Lelucon Prosedural Bank Nagari: OJK Terlalu Umum, Kejati dan BPK Temukan Bau Busuk
William Nursal Devarco (Pax Alle)
Dirgantaraonline - Dalam dunia keuangan yang seharusnya presisi dan transparan, publik dikejutkan dengan drama hapus buku kredit Bank Nagari. Tindakan ini secara formal dinyatakan halal oleh Otoritas Jasa Keuangan (OJK). Namun yang menjadi soal bukan kehalalannya melainkan proses yang janggal, seolah dipoles untuk lolos dari pengawasan.

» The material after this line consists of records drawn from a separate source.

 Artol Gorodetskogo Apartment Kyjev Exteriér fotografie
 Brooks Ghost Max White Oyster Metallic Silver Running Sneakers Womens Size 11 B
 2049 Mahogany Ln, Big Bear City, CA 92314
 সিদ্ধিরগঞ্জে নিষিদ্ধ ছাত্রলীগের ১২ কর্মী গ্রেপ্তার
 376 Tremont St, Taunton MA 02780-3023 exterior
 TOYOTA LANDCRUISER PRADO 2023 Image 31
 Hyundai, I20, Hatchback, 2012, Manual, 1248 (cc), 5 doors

OJK dalam penilaian mereka memang tidak melihat adanya kesalahan secara prosedural. Tapi itu justru menjadi titik persoalan: Apakah OJK hanya menelan laporan mentah tanpa verifikasi ulang? Jika benar, maka publik patut mempertanyakan bagaimana pola kerja OJK dalam mengawasi industri perbankan. Apakah tugasnya hanya membaca dan menyetujui tanpa menganalisis ulang?

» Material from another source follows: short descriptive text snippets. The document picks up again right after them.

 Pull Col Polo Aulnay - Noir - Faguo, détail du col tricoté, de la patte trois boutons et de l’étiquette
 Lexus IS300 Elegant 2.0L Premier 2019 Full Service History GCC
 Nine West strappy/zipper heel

Sementara itu, Kejaksaan Tinggi Sumatera Barat dan BPK justru mengambil lensa yang berbeda. Mereka menelisik detail demi detail, menemukan ketidaksempurnaan dalam prosesi hapus buku yang dilakukan Bank Nagari. Ini bukan cuma soal prosedur teknis, tapi soal integritas dan potensi penyimpangan pidana.
Poin-poin yang hilang dari laporan internal Bank Nagari bukan sekadar kekhilafan, tapi indikasi kuat adanya informasi yang sengaja disamarkan. Bila tidak janggal, tentu tidak akan menjadi perhatian serius penegak hukum. Apalagi, dari sekian banyak portofolio kredit yang dilaporkan bermasalah, hanya segelintir yang diajukan ke lelang. Kenapa tidak semuanya? Siapa yang diselamatkan?

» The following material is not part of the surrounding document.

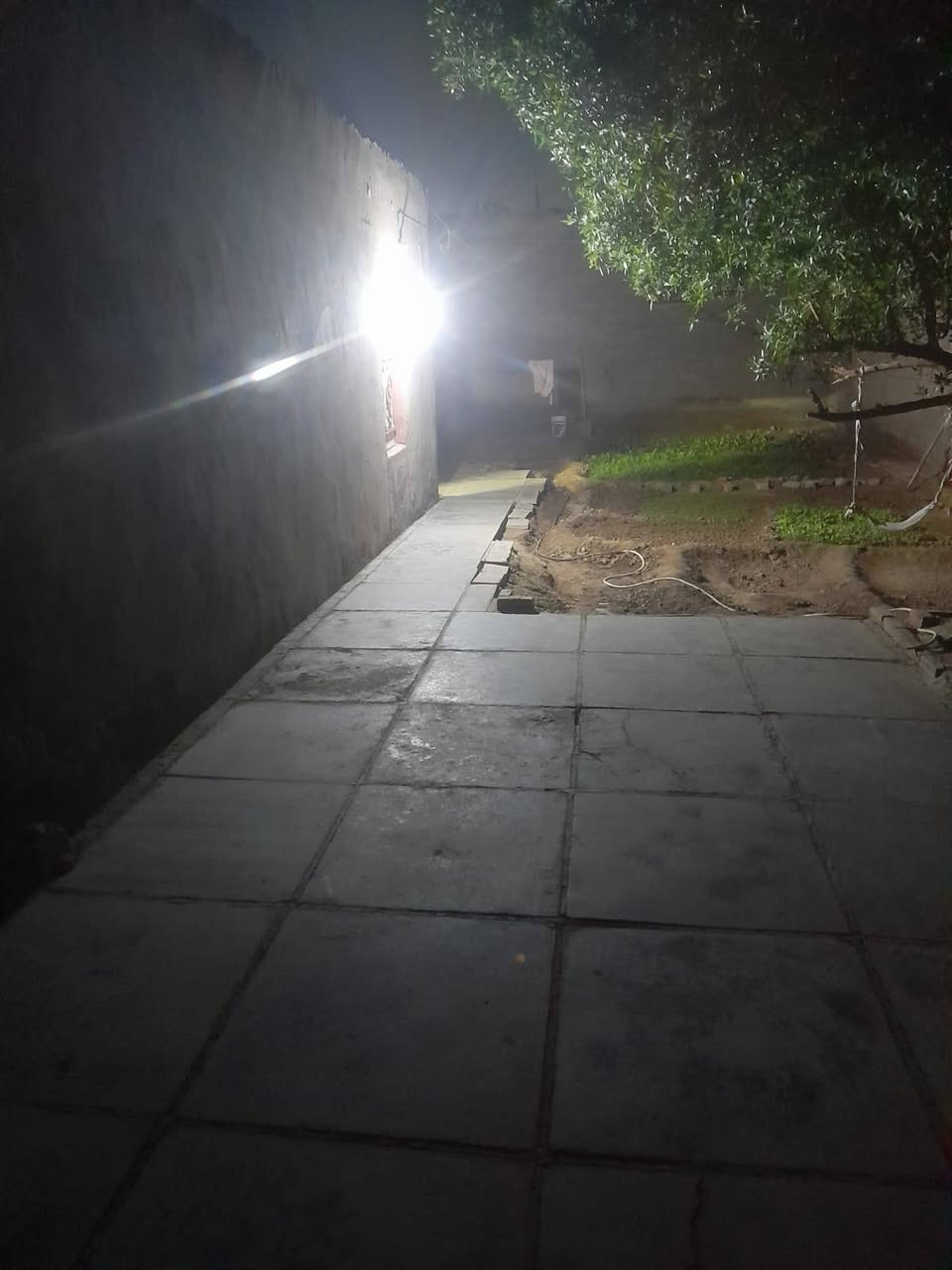 بيت زراعي  حي المنتظر الثاني خلف اعدادية الزراعة المساحة 260 متر يتكون من غرفتين مساحة كل غرفة ( 4.5 * 5 ) متر صالة ( 4 * 7 ) متر
مطبخ ( 4*4 ) متر
حديقة امام البيت صحيات خارجية وداخلية بناء بلوك وسقف عگادة موبايل 
***********
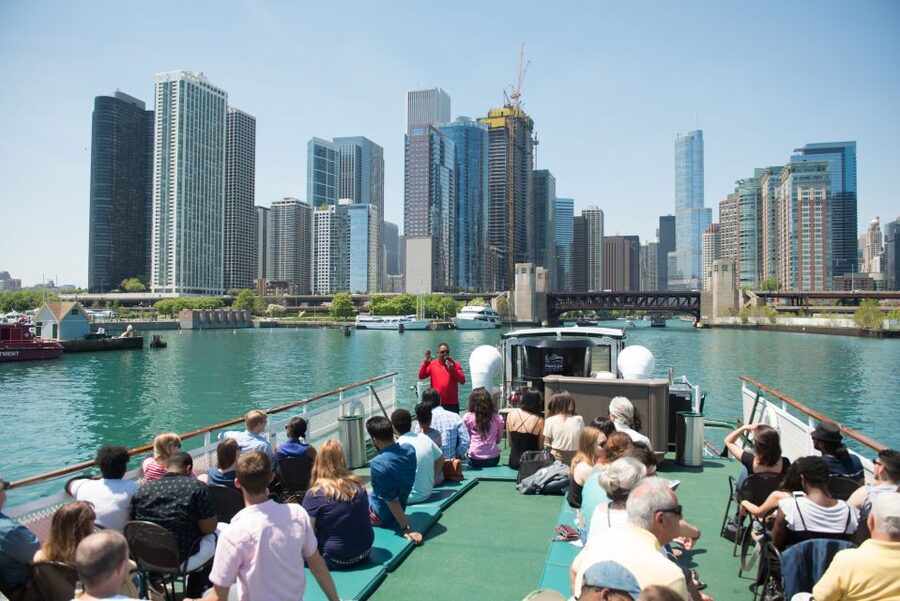 Chicago: Architecture Center Cruise on Chicago's First Lady - The open-air deck, indoor salon, and weather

Potensi tindak pidana korupsi (tipikor) menguap dari celah-celah prosedur yang dilanggar secara sistematis. Kejanggalan itulah pintu pembuka yang tak bisa diabaikan begitu saja.
Bank Nagari juga dinilai tidak jujur dan tidak konsisten dalam narasi publiknya. Kepada publik, mereka merilis capaian dan kinerja yang “luar biasa”. Namun di hadapan DPRD Sumbar, laporan berbeda muncul: penuh kerugian dan kegagalan. Ini bukan lagi salah komunikasi, tapi indikasi adanya dua wajah yang bertolak belakang. Ironisnya, wajah ganda ini dibiarkan begitu saja.
Lebih jauh, dalam praktik pemberian kredit, standar ganda pun diterapkan. Untuk nasabah umum, prosedurnya ketat. Tapi untuk pihak-pihak tertentu, aturan bisa dinegosiasikan, bahkan “diimprovisasi” demi mengejar target. Ini membuka ruang spekulasi dan memperbesar celah korupsi. Aksi tutup mata dan telinga jadi kunci keberhasilan praktik menyimpang ini.
Yang paling mencemaskan: jika pengawasan publik longgar, kejahatan akan menjamur. Tapi sebaliknya, jika sorotan tajam dan konsisten dijaga, peluang korupsi dan penyalahgunaan wewenang akan menyempit.
Kita tidak bisa bergantung hanya pada laporan sepihak, apalagi dari pihak yang sedang dalam sorotan. OJK harus lebih dari sekadar lembaga pemberi stempel prosedural. Ia harus jadi benteng integritas perbankan. Karena jika tidak, kita hanya akan menyaksikan lelucon prosedural yang berulang lelucon yang biayanya ditanggung publik.
“Mereka piawai membuat lelucon. Tapi publik tidak sedang ingin tertawa.”